Data provided »

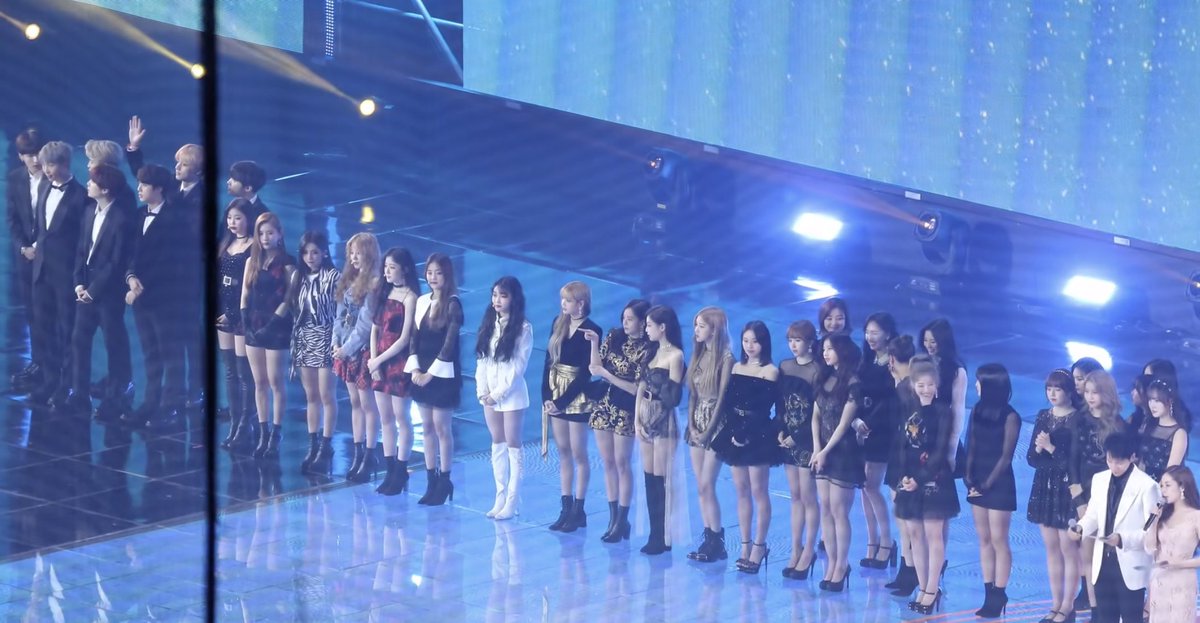 CookieNevie's tweet photo. No shade but didn’t i-dle take every music show win &amp; major Rookie of the Year award from Loona in 2018?

Between the two, only one competed against BTS on music shows, was named monster rookies and stood next to BTS, Blackpink, &amp; Twice at year-end shows — and it wasn’t Loona 🫢 https://t.co/lSTDkqdOdj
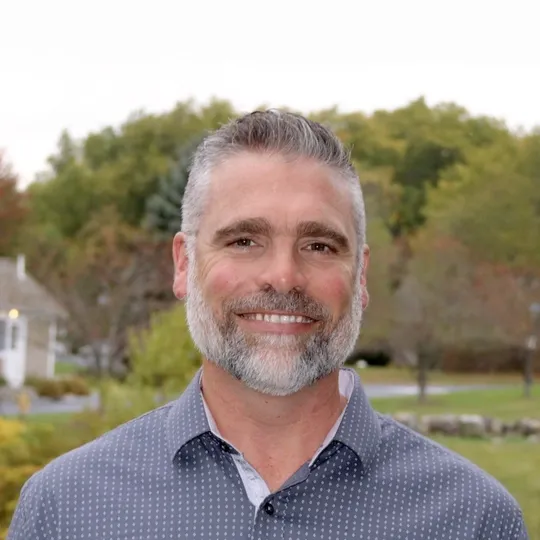 Alan DeAngelo, Agent in  - Compass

Work task » Word for word, repeat only the lines from the line containing "Between the two, only" through the end of the data, without any pictures.

Your solution »
Between the two, only one competed against BTS on music shows, was named monster rookies and stood next to BTS, Blackpink, &amp; Twice at year-end shows — and it wasn’t Loona 🫢 https://t.co/lSTDkqdOdj
 Alan DeAngelo, Agent in  - Compass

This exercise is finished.